The majority of “misinformation” I’ve seen (entirely on reddit) isn’t straight up lies. It’s more like reposting an old article on a current topic or leaving out information.
When Harvard announced remote class plans, Reddit had a front page article on r/all about it - but it was an article that was a month old about their old plan.
It would be so easy for people to read that title (old info), have their friend ask if they saw the news about Harvard, and then have basically been manipulated by misinformation.
Well, that's a bit broad interpretation of 'manipulated'.
If someone legitimately didn't know that there was more recent information, and made that post, it would be reasonable to post the more up to date info in whatever way makes it most helpful.
Any information you get from anywhere but your own senses needs to be checked in proportion to its timeliness, relevance, sources, bias, all the usual.
It's only that the current Internet speed has so much potentially coming at you that makes it a more complicated triage plan.
> The majority of “misinformation” I’ve seen (entirely on reddit) isn’t straight up lies. It’s more like reposting an old article on a current topic or leaving out information.
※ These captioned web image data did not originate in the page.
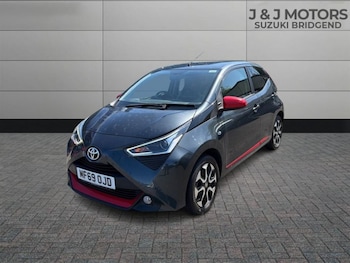 Used Toyota AYGO 2019 for sale - 78420644: Photo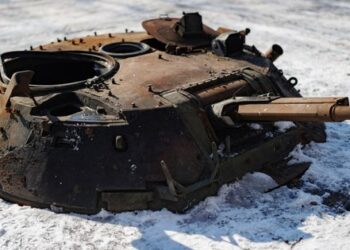 Sekretarz stanu USA ogłasza straty Rosji w wojnie z Ukrainą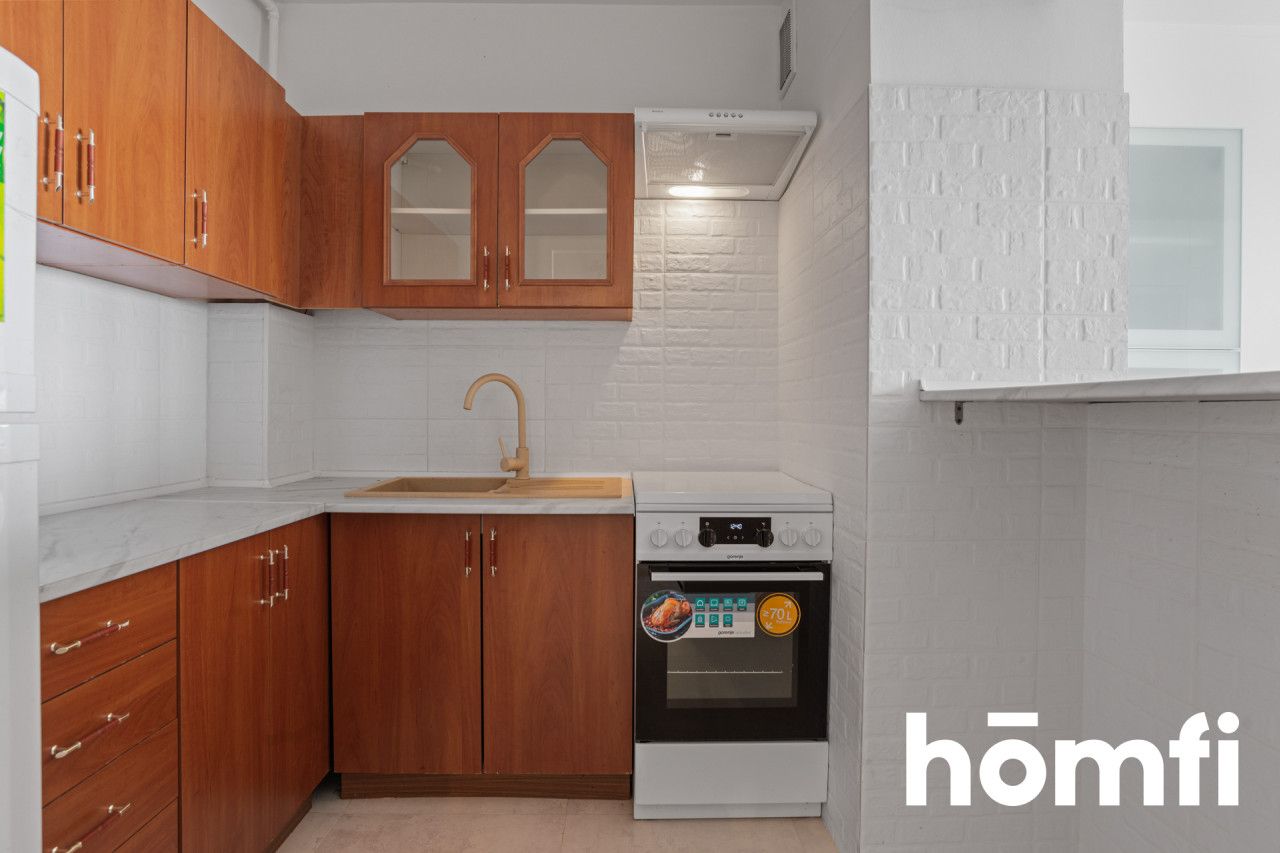 Cozy two-room apartment with beautiful view - Apartment - Rent - Poznań, Stare Miasto / Winogrady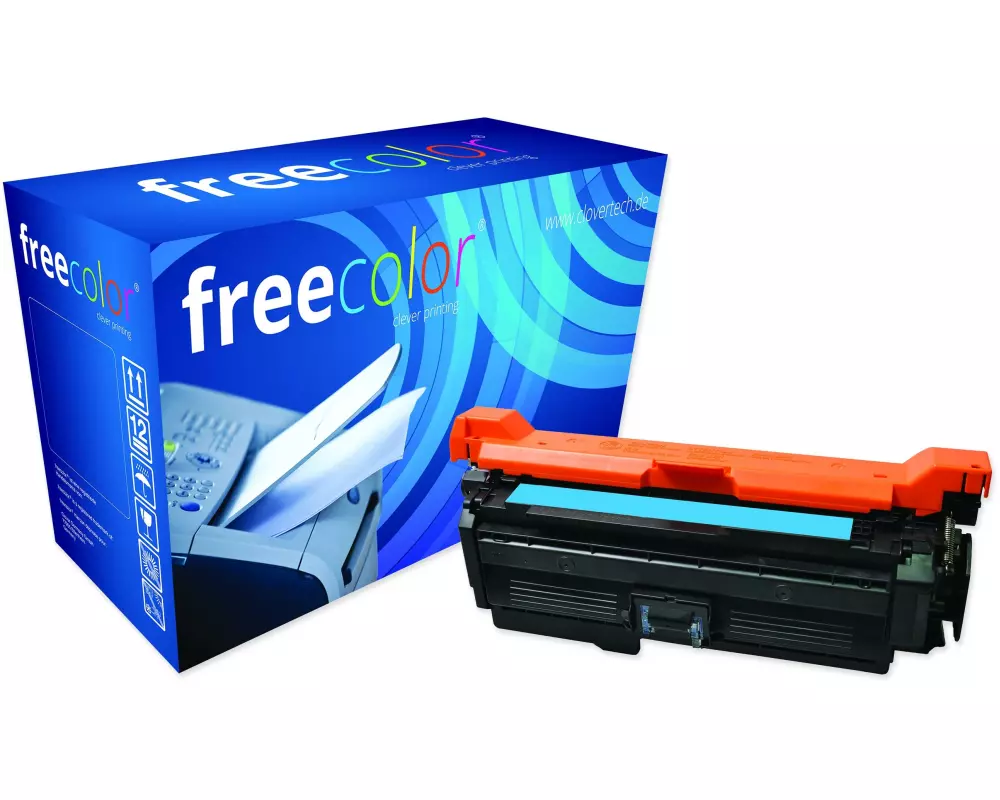 Freecolor Toner HP CF320 Cyan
IIRC, that's a key tactic for spreading disinformation. It's most disruptive when it contains 1% truth and 99% lies than when it's 100% lies.
Take PizzaGate for instance: the pizza parlor in question exists, has a lot of connections to various politicians, and was directly talked about in the leaked Podesta emails. Those facts add a little bit of believability that makes it easier to suck people into the big lie.
When Harvard announced remote class plans, Reddit had a front page article on r/all about it - but it was an article that was a month old about their old plan.
It would be so easy for people to read that title (old info), have their friend ask if they saw the news about Harvard, and then have basically been manipulated by misinformation.